The Financial Industry Regulatory Authority's new rules to treat home offices as "residential supervisory locations" and for its remote inspections pilot program are "a big deal for the broker-dealer industry," according to Ben Marzouk, partner at Eversheds Sutherland in Washington. "They provide some helpful relief that more or less codifies what a lot of firms had been doing since the pandemic regarding remote work."
That said, there are still unanswered questions around both rules, Marzouk told ThinkAdvisor in a recent phone interview.
FINRA adopted the new rules on Jan. 24. The Securities and Exchange Commission approved the rules in November.
The rules around residential supervisory locations, or RSLs, take effect June 1, while the Remote Inspections Pilot Program begins July 1.
Read on as Marzouk details the rule's impact on broker-dealers and their reps and provides advice on what broker-dealers should be doing now — particularly in terms of answering a "threshold" question about the new RSL rule. He cautions: BDs "may not fully appreciate the limited scope of the relief and the narrow application of the rules to only certain personnel."
THINKADVISOR: How will the new RSL rule affect BDs and their registered representatives and their home offices?
BEN MARZOUK: It's like a new category of offices, essentially.
With respect to the RSL proposal, I think right now, unfortunately, there are still a lot of unanswered implementation questions.
FINRA issued Regulatory Notice 24-02, that provided a little bit of clarity, but that was more or less around the implementation date and when the actual RSL rule change would take effect.

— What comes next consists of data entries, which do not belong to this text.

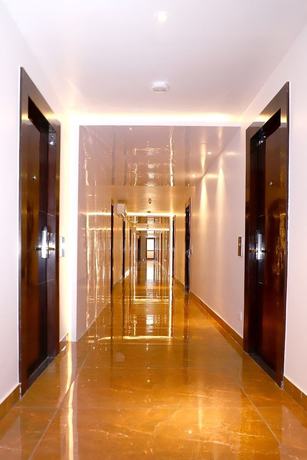 Imagen de los interiores del Hotel Mangos Haridwar. Foto 17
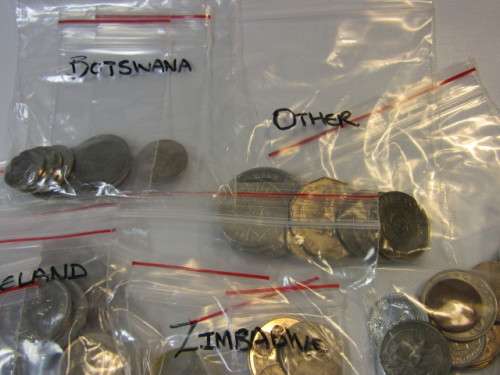 Job lot of vintage World  Coins, all in excellent condition, 60+ coins, Africa and England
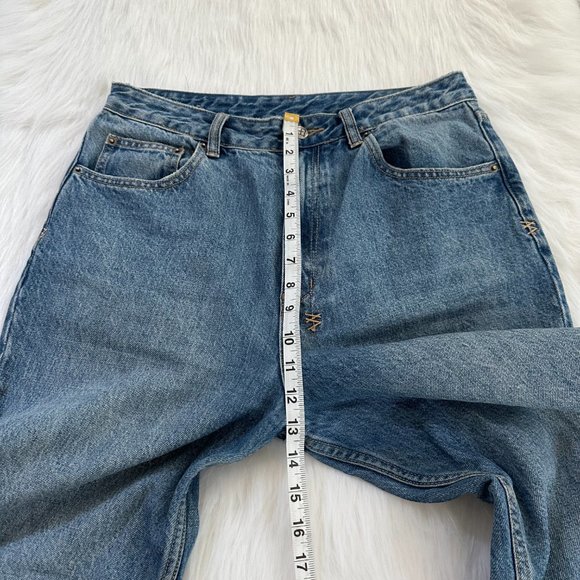 Ksubi Chlo Jeans Wasted Young American High Waist Relaxed Tapered Ankle Size 30 - Picture 8 of 15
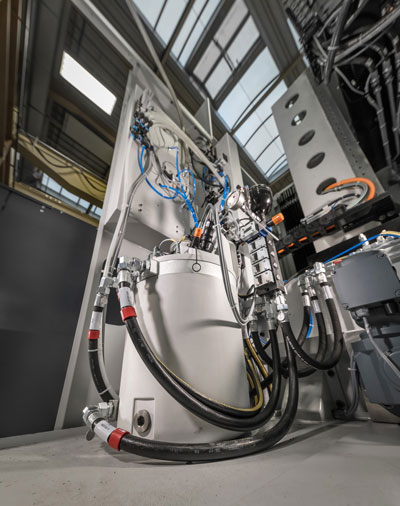 InstllationCentrale Hydraulique compacte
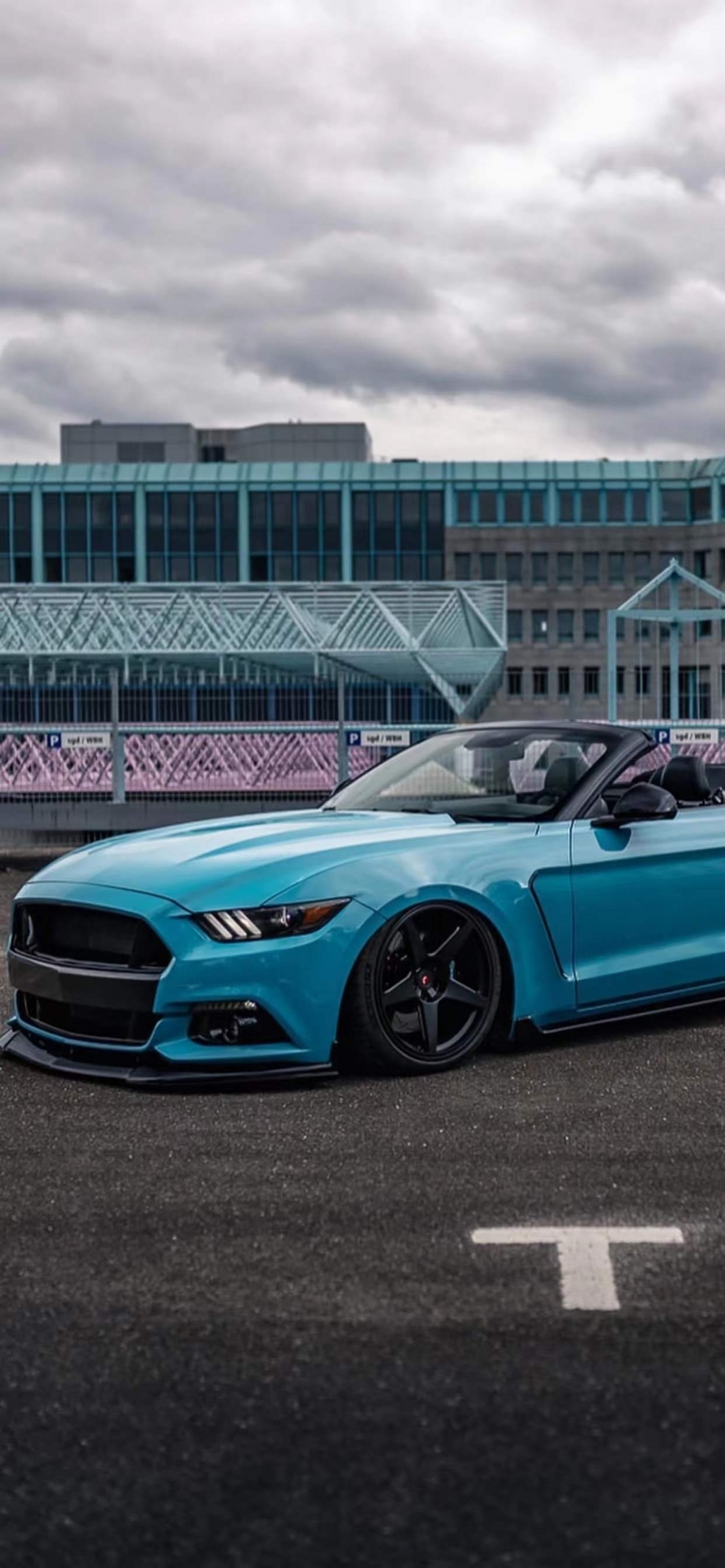 酷炫的福特跑车手机壁纸_汽车_手机壁纸下载_美桌网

FINRA's rule change would classify RSLs as "non-branch locations," which means that FINRA presumes they would be inspected every three years, whereas OSJs and supervisory branch offices must be inspected annually (non-supervisory branch offices are on a three-year inspection cycle).
What should firms be doing now?
The key thing we do know now is, since the rule is adopted, since we do now have an effective date for the rule, firms are going to have to make a determination of who amongst our remote workers — and individuals who are going to stay remote — meets the definition of a residential supervisory location.
That's the key threshold question, especially firms that have hundreds of people doing supervisory work and even none-supervisory work from home and are only coming to the office once a month for team meetings or the like. That's what a lot of people are doing.
Who meets the definition of a residential supervisory location, but also reviewing the rule to make sure that those who may meet the definition, and those that are likely exclusions; if you have a disciplinary history or a reportable event on your U4 you may not be able to qualify as an RSL and they may have to treat you as a branch or an OSJ [office of supervisory jurisdiction] or have you come into a home office.
That threshold question of who meets the RSL definition is answered in the rule?
That question is answered in the rule as adopted.
The rule itself sets forth the criteria and the definition, so it's now on firms before the rule takes effect that firms call their list of registered reps, see who's working from home, see who's going to avail themselves of this relief, and then adjust their inspection of those offices based on that answer.
That also means incorporating any of those changes in their WSP [written supervisory procedures].
Does the new RSL rule ease firms' compliance in the inspections area?